Twenty schools are currently eligible to participate in the scholarship program, “only about one-fourth of private schools in the state,” Katie Clifford, executive director of The Reform Alliance, said. Five private schools that serve special needs students had applied to take part in the scholarship program, but were ineligible because they lacked accreditation. All of the schools have since applied for accreditation, which takes about two years, Clifford said.
“That was the reason for the bill,” Clifford said, referring to the length of time it takes for schools to be accredited.

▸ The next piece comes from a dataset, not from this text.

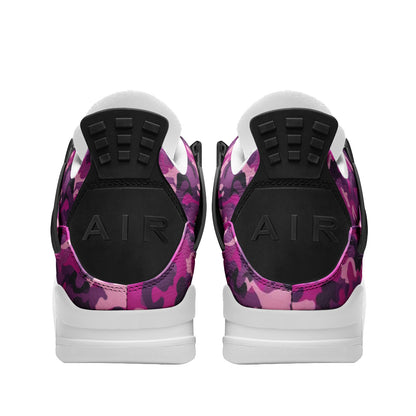 Pink & Purple Camo Basketball Shoes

This school year was the first year the Succeed Scholarship was in place. Twenty-four students took advantage of the voucher. Clifford said most of the parents who were interested in participating in the scholarship program send their children to one of the five schools currently seeking accreditation. Those schools are Access Group Inc., The Academy at Riverdale, and Chenal Valley Montessori School in Little Rock; Compass Academy in Conway; and Equip K-12 Academy in Jonesboro.
Succeed Scholarships are distributed on a first-come, first-serve basis and no questions are asked about a family’s income, Clifford said. Tuition at Access Academy is $9,050 a year, according to Cheri Stevenson, director of Academy and Adult Services at Access Group Inc., who also testified for the bill. With a Succeed Scholarship, parents would still need to pay $2,404 out-of-pocket to send their child to Access Academy.
Maria Markham, director of Arkansas’s Department of Higher Education, testified at the committee hearing Thursday.
“I’m the mother of a 9-year-old, severely autistic child who attends Access Academy,” she said.
Markham said her son needed more support than her public school was equipped to provide and that Access Academy provides her son four times the amount of therapy he received in public school.
“I am lucky enough to have an occupation that allows me to pay the tuition at Access. I can’t help but think there are a lot of families out there that don’t have that luxury. They can’t afford to send their special needs children to these types of private schools,” she said.
The AEA’s Nelson said, “What happens is this emotional blackmail about single, personal stories rather than the picture of what needs to be. These are public education dollars that are being privatized.”
The bill now goes to the full House.
Two other bills seek to expand the Succeed Scholarship Program. House Bill 1567 would make foster children eligible to participate and House Bill 1056 would allow a superintendent to waive the requirement that a student attend public school for at least one year. Both bills have not yet been heard in committee.